Event Report Energy and the Environment
October 7, 2016,
Venue: Fukutake Learning Theater III, Fukutake Hall B2F, The University of Tokyo
COP21 marked a remarkable success ironing out the Paris Agreement. At the same time, it has also left huge challenges to the future, in particular, very ambitious "1.5-2.0 degrees" temperature targets and "emissions/removal balance in the second half of this century" objective.
The Paris Agreement has introduced "global stock take" to narrow a huge gap between top-down/unrealistic temperature targets (and mitigation pathways for achieving them) and bottom-up/pragmatic pledge and review process.
However, it is extremely unlikely that these two approaches will converge in the foreseeable future since each country's NDC is driven by its own specific national circumstances rather than global temperature target. At least, the UN negotiation process will never close the gap.
Innovation is the only solution. It is encouraging that the role of innovation has finally been clearly recognized in the Paris Agreement Article 10-5 which reads "Accelerating, encouraging and enabling innovation is critical for an effective, long-term global response to climate change and promoting economic growth and sustainable development. Such effort shall be, as appropriate, supported, including by the Technology Mechanism and, through financial means, by the Financial Mechanism of the Convention, for collaborative approaches to research and development, and facilitating access to technology, in particular for early stages of the technology cycle, to developing country Parties. Accelerating, encouraging and enabling innovation is critical for an effective, long-term global response to climate change and promoting economic growth and sustainable development. Such effort shall be, as appropriate, supported, including by the Technology Mechanism and, through financial means, by the Financial Mechanism of the Convention, for collaborative approaches to research and development, and facilitating access to technology, in particular for early stages of the technology cycle, to developing country Parties".
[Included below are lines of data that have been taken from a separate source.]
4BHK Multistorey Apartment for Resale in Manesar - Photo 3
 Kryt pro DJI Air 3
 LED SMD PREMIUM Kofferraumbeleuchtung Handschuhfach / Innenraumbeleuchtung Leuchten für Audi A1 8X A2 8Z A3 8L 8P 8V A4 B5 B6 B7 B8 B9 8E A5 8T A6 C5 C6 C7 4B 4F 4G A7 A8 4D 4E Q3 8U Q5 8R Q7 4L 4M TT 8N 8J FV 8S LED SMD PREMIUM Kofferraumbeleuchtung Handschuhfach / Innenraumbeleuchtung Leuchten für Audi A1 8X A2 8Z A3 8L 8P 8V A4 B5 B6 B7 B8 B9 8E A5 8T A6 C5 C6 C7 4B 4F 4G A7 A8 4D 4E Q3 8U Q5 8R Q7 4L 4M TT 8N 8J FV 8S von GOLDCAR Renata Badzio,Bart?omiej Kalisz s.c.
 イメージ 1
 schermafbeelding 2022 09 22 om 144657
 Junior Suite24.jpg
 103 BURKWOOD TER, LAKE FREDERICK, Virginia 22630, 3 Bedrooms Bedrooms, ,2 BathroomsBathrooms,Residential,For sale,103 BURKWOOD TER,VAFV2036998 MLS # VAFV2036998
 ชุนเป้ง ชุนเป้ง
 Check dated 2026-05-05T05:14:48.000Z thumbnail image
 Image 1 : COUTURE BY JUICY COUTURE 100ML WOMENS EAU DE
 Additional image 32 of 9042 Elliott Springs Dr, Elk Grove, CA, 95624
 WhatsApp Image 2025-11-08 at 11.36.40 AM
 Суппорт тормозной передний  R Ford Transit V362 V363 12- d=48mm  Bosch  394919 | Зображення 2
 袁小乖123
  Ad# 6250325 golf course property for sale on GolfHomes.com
However, judging from the past experience, the UN is the least suitable fora to address the issue of innovation. Given that only a few number of countries account for nearly all cutting edge clean technologies, it is meaningless to address this issue at the UN engaging 190+ countries.
The necessary innovation will not occur in the bureaucratic and inefficient UN process, but from the RD&D efforts by the public and private sectors of limited number countries with innovation capability. The issue is how to trigger innovations through domestic enabling policy environment in such countries and possible international collaboration among them.
On 2 June 2016, at the inaugural Mission Innovation (MI) Ministerial, 21 ministers from all MI partners released their respective governments7 plans to double clean energy R&D funding over 5 years from currently totaling approximately $15 billion per year to around $30 billion per year by 2021. They also adopted an Enabling Framework (see attached) and agreed to a mission statement to help provide a foundation for accelerated progress. This is all encouraging. At the same time, since each MI partner independently determines a strategy for clean energy innovation funding based on individual national resources, needs and circumstances and MI partners are encouraged collaborate on joint research and capacity building where mutual interest exists, it is relevant to explore good practices in such areas as;
Preparing enabling policy & regulatory environment for maximizing innovation potential in each country
Effective prioritization in R&D funding
Innovation analysis and road mapping
Striking a balance between prioritizing funding and avoiding the trap of "picking winners"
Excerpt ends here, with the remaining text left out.